Владимир Муравьёв решительно возражал, когда речь заходила о причислении Венедикта Ерофеева к писателям-шестидесятникам.
Он аргументированно изложил свою позицию в предисловии «Высоких зрелищ зритель» к двухтомнику сочинений Венедикта Ерофеева, выпушенному издательством «Вагриус» в 2007 году: «Контекстом “шестидесятничества” была советская литература, а если взять шире — то советская социалистическая культура мировосприятия, насквозь идеологизированного, причём никакие частные акценты, протестные или обновленческие, дела не меняли. Мировосприятие это намертво скреплялось образом жизни, в которой безраздельно властвовали определённые стандарты речи, внешности, поведения, одежды... Никакое “инакомыслие” в условиях морально-политического единства было даже непредставимо и уж во всяком случае с самого начала (оно же и конец) находилось в компетенции соответствующих органов. В принципе, надлежало стандартизировать всё, и не столько отрицательный, сколько заблудший персонаж тогдашнего советского популярного романа робко жалуется возлюбленной: что это — чуть шаг в сторону, сразу окрик; возлюбленная же удивлённо советует ему: а ты не суйся в сторону, иди в строю, как все. Самым страшным и убийственным было забытое сейчас громовое слово-обвинение “отщепенец”, действительное на всех уровнях жизни. Собственно говоря, это было то же самое, что прежде “враг народа”, и недаром прозорливый администратор сообщает герою ерофеевских “Записок психопата”, что он — “врах” и что его надо без лишних слов расстрелять. Самым детективным сюжетом было тогда изобличение (“узнавание”) чужака, притворяющегося своим — и в чём-то, как выясняется, не такого, как все (“так положено”)»4.

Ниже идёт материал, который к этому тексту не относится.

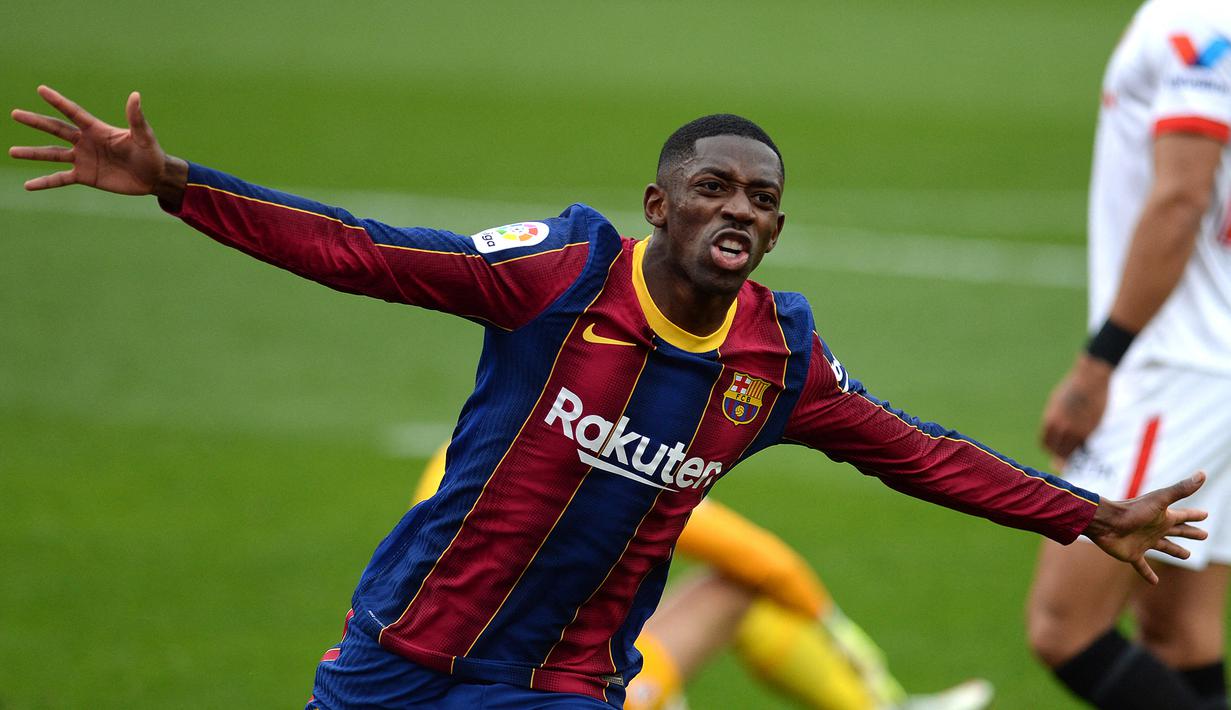 <p>Ousmane Dembele. Striker berusia 24 tahun yang rentan cedera ini dipercaya mengenakan jersey nomor punggung 7 oleh Barcelona mulai musim 2021/2022 ini. Sebelumnya nomor tersebut adalah milik Antoine Griezmann yang musim ini dipinjamkan ke Atletico Madrid. (Foto: AFP/Cristina Quicler)</p>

Булат Окуджава честно сказал в 1992 году на страницах журнала «Столица»: «Мы дети своего времени, и судить нас надо по его законам и меркам. Большинство из нас не было революционерами, не собиралось коммунистический режим уничтожать. Я, например, даже подумать не мог, что это возможно. Задача была очеловечить его. Мы же ведь всегда воспитывались этакими “удобными”, бездумными. Мы были разными, и уровень мышления был разный, и степень революционности. И всё было — и равнодушие, и страх, и слепая вера, и цинизм». Но не это определяло лицо поколения5.

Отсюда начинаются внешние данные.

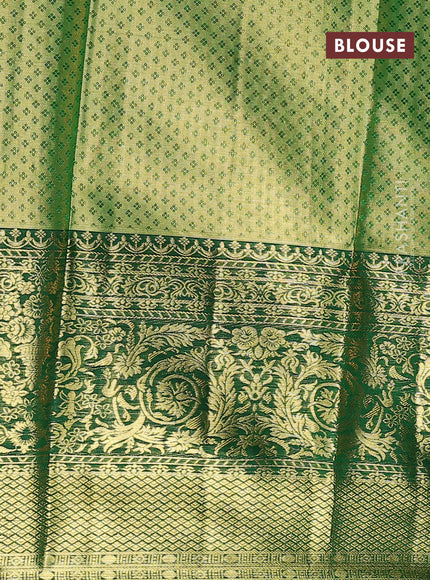 Pure kanchipuram tissue silk lehenga dhawani dual shade of peach and green with allover zari woven brocade floral weaves and long rich zari woven border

Вот это «но» и отделяет Венедикта Ерофеева от Булата Окуджавы с его друзьями-шестидесятниками.
В 60-е годы прошлого века всё-таки произошли серьёзные сдвиги в отношении к мировой культуре — её восторженное восприятие большинством советской интеллигенции, поощряемое властью. Это было самое благоприятное время для филологов и историков культуры, которые восстанавливали в прежних правах шедевры литературы и искусства. Наступила эпоха талантливого культуртрегерства, в которой происходило толкование и обожествление созданного на протяжении веков, а не сотворение чего-то нового. Игорь Смирнов, философ и филолог, назвал её «эпохой всеобщего пафоса соавторства, а неавторства»6, обратив внимание, что даже роман Андрея Битова «Пушкинский дом» был написан в соавторстве с русской литературой. Писатели-шестидесятники остерегались нести личную ответственность за свои тексты.
И это касалось не только писателей, но и филологов. Соавторство становилось в те годы распространённым явлением. Чувство страха загреметь куда подальше притупилось, зато осторожность оставалась прежней. Сторонились также и тех, кто позволял себе лишнего в высказываниях.

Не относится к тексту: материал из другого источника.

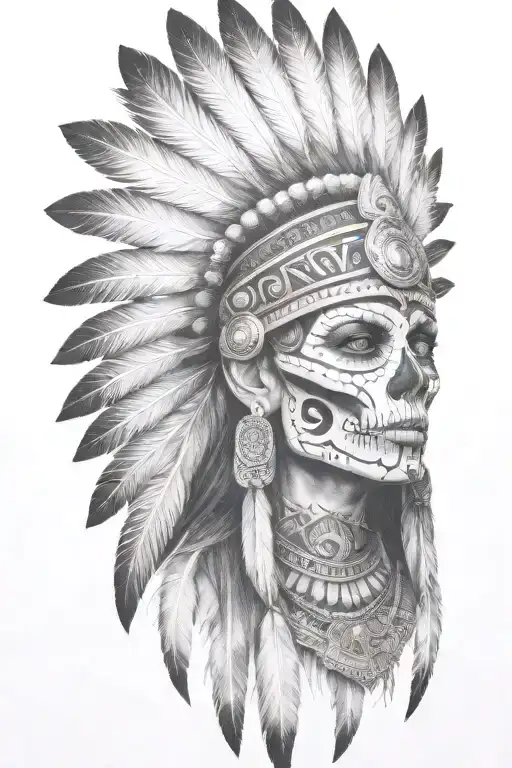 aztec warrior girl, skeletal fierce face, crown skull, geometric patterns feathers, spirituality, afterlife, death tattoo design idea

Не потому ли некоторые писатели-шестидесятники, как, например, Василий Аксёнов, кисло и достаточно ревниво восприняли поэму «Москва — Петушки» и трагедию «Вальпургиева ночь, или Шаги Командора»? Да и Венедикт Ерофеев особенно не жаловал Василия Аксёнова. Обращусь к книге Натальи Шмельковой «Последние дни Венедикта Ерофеева»: «Приступил было к “Ожогу” Васьки Аксёнова, но дошёл только до 25-й страницы, прочёл: “Мы шли по щиколотку в вонючей грязи посёлка Планерское, а мимо нас вздувшиеся ручьи волокли к морю курортные миазмы”, — сплюнул и отложил в сторону. Сказал только “экое паскудство” и больше ничего не сказал»7.
Профессор Санкт-Петербургского университета Анатолий Александрович Собчак[141], ставший политиком, оказался куда более подготовленным для восприятия «новой словесности». По своим взглядам на советскую жизнь он и писатель Венедикт Васильевич Ерофеев не были антагонистами и относились друг к другу с симпатией. Но это произошло намного позднее, уже в конце 1980-х годов.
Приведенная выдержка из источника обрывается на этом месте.